Today, I dropped my first born off at Kindergarten. On the way there he said, “Mom, I don’t really need you to go in with me.” After the chest pains subsided, I said, “well I have to talk to your teacher, how about I walk in behind you,” My eyes in the rearview mirror watching him contemplate this and then finally, “I guess that would be ok, but I don’t need you to come in.” As I sat there trying to keep my composure I heard the words my dad told my mom at one point when my brother and I were not cooperating with her “life plans” for us…”That’s what happens when you raise independent children.”
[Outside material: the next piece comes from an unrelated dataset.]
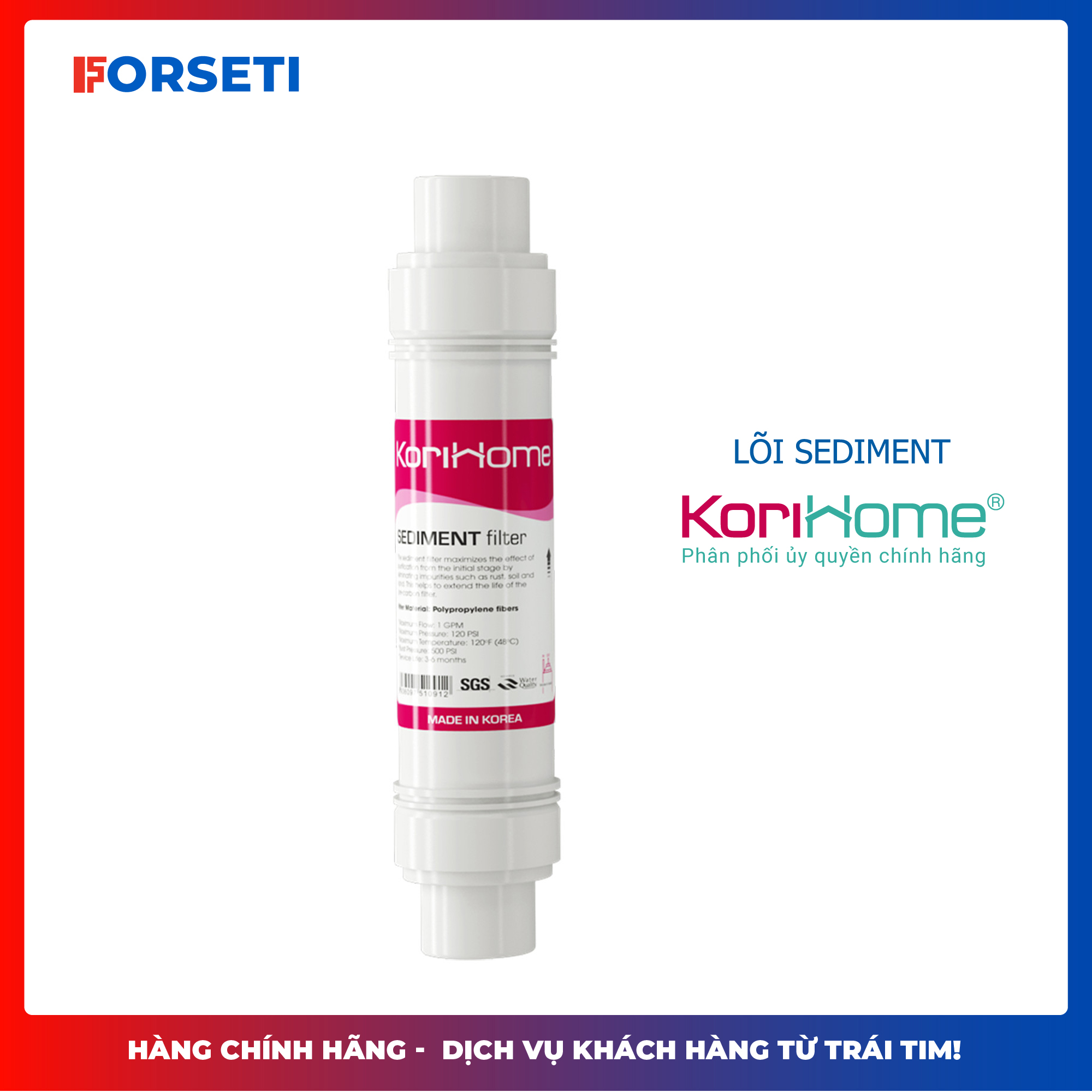 Combo 4 lõi lọc thô: 2 Sediment + 2 Pre carbon chính hãng Korihome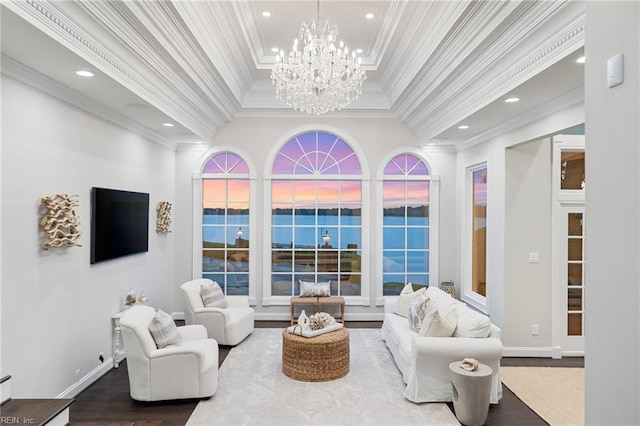1845 N Alanton Dr, Virginia Beach, VA 23454 - living area featuring crown molding, a chandelier, wood finished floors, and recessed lighting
So down the hallway of the elementary school that I had started Kindergarten in 23 years ago, I followed three steps behind as my baby walked a walk that I doubt I’ll ever forget his head held high with a confident stride. I could not have been more proud but a part of me wanted to cry. When we got to his class he did allow me a quick hug and kiss and then that was it, he was a Kindergartner. Even though I know my work as a mother is so far from over, I somehow felt like I was giving my baby to the world for the first time. New ideas and ways of thinking will push him to grow and challenge me as a parent. It will be a great journey together.
As I drove to work I thought about everything, every milestone, every tear spilt (by him and by me), I thought about the time I hid in the bathroom because he was driving me crazy, about the moments I’ll never forget as a mother…the first time his cry split through the air, the smell of his hair when he was a baby, the first time he walked, the time he told me he was a robot and he couldn’t shut off the naughty button because it was on his back and he could not reach it, the first time he rode his bike without training wheels, the look on his face when he saw his baby brother for the first time. I thought of him at 2 years old on cross country skis and at 5 years old on water-skis. I thought of him at 3 months old sleeping on his daddy’s chest and I thought of him at 1 year old holding his daddy’s hand as they walked down the driveway at our new property (that is now our home). I thought of him then walking down the hallway toward Kindergarten and then I saw all that was to come.
He's my first born; he’s been with me since the start. He’s seen the worst of my mistakes and the greatest of my triumphs as a mother. He will survive and thrive because of me and in spite of me. And like all things with the first born, we will figure it out together (sometimes holding hands and sometimes with him three steps ahead blazing the trail).